Il suffit de réécouter les enregistrements verdiens du même Mehta réalisé dans les années 90 pour réaliser que l’orchestre a perdu en virtuosité pure. Plus d’un départ est brouillon, plus d’un instrumentiste se prend les pieds dans le tapis, et certaines fugues ressemblent à un sauve-qui-peut. Mais le professionnalisme de Mehta permet de faire en sorte que les musiciens arrivent toujours à retomber sur leurs pattes. Sa battue ample et souple est comme un phare dans la tempête : finalement, tout le monde arrive à bon port. Et si la précision est souvent hasardeuse, l’orchestre a conservé son coloris très moëlleux, mélange irrésistible de clarté latine et de fondu germanique, hérité de l’époque glorieuse de Riccardo Muti, sans même remonter jusqu’à Vittorio Gui.
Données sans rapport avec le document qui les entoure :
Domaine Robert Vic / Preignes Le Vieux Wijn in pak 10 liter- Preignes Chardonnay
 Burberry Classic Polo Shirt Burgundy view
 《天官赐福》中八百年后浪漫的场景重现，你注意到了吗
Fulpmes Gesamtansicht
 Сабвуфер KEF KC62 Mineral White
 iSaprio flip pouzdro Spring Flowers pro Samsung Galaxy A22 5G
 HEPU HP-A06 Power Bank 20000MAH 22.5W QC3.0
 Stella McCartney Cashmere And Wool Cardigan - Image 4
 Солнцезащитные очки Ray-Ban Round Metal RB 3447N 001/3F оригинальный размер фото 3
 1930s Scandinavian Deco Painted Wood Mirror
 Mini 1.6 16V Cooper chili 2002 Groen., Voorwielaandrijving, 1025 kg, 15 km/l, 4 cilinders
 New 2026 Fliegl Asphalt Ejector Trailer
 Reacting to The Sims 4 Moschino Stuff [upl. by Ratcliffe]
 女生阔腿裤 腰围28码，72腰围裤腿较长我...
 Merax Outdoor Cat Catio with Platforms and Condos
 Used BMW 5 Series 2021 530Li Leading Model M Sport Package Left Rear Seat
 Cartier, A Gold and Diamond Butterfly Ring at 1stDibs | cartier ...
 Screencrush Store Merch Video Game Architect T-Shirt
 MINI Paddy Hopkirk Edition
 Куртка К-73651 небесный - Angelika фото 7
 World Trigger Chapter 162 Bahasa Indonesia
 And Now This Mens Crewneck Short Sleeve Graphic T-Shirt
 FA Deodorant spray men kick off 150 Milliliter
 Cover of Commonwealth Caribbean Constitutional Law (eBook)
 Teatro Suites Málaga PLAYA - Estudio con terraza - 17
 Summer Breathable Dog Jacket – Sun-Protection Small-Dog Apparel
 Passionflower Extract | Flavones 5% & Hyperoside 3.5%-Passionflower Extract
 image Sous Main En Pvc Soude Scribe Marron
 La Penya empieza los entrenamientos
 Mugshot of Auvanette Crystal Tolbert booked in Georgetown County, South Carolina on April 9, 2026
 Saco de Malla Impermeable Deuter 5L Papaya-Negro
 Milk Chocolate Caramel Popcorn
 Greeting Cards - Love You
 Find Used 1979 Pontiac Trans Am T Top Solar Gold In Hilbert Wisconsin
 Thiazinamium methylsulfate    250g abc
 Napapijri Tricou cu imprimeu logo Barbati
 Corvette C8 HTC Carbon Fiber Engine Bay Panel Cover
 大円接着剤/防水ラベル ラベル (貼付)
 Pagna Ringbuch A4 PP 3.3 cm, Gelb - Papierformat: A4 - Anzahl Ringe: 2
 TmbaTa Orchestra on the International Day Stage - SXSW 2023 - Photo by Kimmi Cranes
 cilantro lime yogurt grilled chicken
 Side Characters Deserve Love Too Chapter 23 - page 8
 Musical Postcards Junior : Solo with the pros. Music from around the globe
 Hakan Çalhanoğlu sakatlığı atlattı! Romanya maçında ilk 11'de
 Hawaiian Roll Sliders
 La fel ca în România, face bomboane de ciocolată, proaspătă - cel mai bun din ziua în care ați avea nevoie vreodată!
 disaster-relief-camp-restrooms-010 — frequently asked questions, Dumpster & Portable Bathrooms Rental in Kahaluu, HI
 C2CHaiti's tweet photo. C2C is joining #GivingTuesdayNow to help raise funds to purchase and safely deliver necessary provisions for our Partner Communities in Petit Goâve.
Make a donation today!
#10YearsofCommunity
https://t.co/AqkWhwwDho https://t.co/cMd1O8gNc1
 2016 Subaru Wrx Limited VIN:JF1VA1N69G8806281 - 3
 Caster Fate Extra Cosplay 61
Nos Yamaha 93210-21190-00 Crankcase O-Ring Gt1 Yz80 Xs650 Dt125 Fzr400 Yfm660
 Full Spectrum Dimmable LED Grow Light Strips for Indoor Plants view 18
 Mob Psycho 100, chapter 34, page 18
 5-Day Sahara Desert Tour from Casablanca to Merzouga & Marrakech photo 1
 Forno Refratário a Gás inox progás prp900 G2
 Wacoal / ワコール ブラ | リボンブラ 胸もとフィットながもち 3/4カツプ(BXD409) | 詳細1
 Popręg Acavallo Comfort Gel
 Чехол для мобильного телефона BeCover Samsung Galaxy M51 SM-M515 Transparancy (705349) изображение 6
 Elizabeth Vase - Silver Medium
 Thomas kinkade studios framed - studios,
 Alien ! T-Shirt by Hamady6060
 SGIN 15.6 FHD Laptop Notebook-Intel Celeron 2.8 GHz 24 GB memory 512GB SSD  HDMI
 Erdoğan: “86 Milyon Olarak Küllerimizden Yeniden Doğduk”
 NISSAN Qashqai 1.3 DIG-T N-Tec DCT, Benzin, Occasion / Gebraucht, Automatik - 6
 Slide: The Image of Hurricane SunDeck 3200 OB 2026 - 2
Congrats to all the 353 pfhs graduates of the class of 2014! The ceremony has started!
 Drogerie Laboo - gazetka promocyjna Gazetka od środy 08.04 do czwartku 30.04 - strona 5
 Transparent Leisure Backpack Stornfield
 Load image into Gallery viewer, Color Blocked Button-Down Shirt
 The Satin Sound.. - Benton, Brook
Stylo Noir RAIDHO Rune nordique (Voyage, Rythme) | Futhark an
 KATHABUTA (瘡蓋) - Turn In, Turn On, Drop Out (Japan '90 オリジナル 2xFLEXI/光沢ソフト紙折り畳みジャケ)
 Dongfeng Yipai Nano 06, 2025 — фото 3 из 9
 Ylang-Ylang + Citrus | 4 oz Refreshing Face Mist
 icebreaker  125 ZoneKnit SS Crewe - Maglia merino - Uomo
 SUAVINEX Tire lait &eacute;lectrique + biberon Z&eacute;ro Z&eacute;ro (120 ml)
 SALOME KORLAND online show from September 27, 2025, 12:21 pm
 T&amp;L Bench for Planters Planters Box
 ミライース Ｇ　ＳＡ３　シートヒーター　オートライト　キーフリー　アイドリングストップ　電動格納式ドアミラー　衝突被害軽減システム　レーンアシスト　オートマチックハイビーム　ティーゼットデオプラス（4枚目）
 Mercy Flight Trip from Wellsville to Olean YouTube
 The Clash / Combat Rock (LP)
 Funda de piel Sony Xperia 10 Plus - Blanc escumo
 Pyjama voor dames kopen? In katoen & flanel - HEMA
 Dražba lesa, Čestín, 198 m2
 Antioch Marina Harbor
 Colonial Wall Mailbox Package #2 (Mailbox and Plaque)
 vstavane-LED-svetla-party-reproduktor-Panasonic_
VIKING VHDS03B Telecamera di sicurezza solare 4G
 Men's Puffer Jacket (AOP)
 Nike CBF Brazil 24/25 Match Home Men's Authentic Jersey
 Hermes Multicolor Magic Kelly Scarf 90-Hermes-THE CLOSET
Tableau identique pour le chœur du mai musical florentin : on frôle souvent l’accident ( « Stimmt an die Saiten ») mais le corps du son reste toujours homogène, et l’enthousiasme des chanteurs finit par emporter l’adhésion.
Les solistes ne sont pas sur les mêmes sables mouvants. Sans doute plus favorisés par les conditions de la captation, ils offrent des prestations qui marquent, dans des rôles qui ont pourtant été chantés par les plus grands. Ils sont aussi gâtés par la prise de son qui, à rebours du style habituel dans les oratorios, les place au premier rang, avec une vie et une présence bienvenues. Maximilian Schmitt a affirmé son art depuis l’enregistrement de Philippe Herreweghe (Outhere – Phi) : une voix idéalement placée, une ligne souveraine et une puissance comme libérée du carcan qui avait tendance à l’enserrer. Hanna-Elizabeth Müller n’y va pas par quatre chemins : c’est un opéra sacré qu’elle chante ici, et elle déploye sans pudeur un timbre voluptueux à souhait, ne faisant qu’une bouchée des vocalises de Gabriel, et transformant Eve en tentatrice absolue. On avoue ne pas avoir résisté à ses charmes. Encore un cran au-dessus de ses deux partenaires, la prestation de Michael Volle est historique. Pour bien en mesurer la portée, il faut d’abord dire un mot de la partie de Raphael. Elle est la plus importante en durée dans l’oratorio (surtout si on y rajoute Adam, comme c’est souvent le cas), et c’est largement sur elle que repose la narration du récit. Elle est ensuite d’une nature très hybride, puisqu’elle exige une forte capacité de déclamation, mais aussi un attendrissement dans un air comme « Nun scheint im vollen Glanz », où le lyrisme prédomine nettement. Par dessus le marché, la tessiture est un problème presque insoluble, puisque Haydn demande quelques notes très hautes, accessibles aux seuls barytons, tout en descendant très bas dans certains récitatifs. Une ambiguité qui explique que des chanteurs aussi différents que Dietrich Henschel et Kurt Moll se soient illustrés avec brio dans le rôle. Michale Volle parvient à faire la synthèse de toutes ces contradictions : impérial d’autorité dans ses récitatifs, enivrant de lyrisme lorsqu’il s’agit de chanter la gloire du Créateur, et aussi à l’aise dans les aigus que dans les graves, donnant notamment un « Und Gott schuff grosse Wallfische » qui laisse pantois, traversant toutes les régions de la voix humaine avec l’aisance d’un cheval de course. Un tel exploit est d’autant plus surprenant que le chanteur avait dans le passé laissé voir quelques « trous » dans son registre grave.
Pour son chef en transe, son chœur enthousiaste, ses solistes opératiques et son Michael Volle historique, cette version est donc à connaître, même si elle ne bouleverse pas la discographie.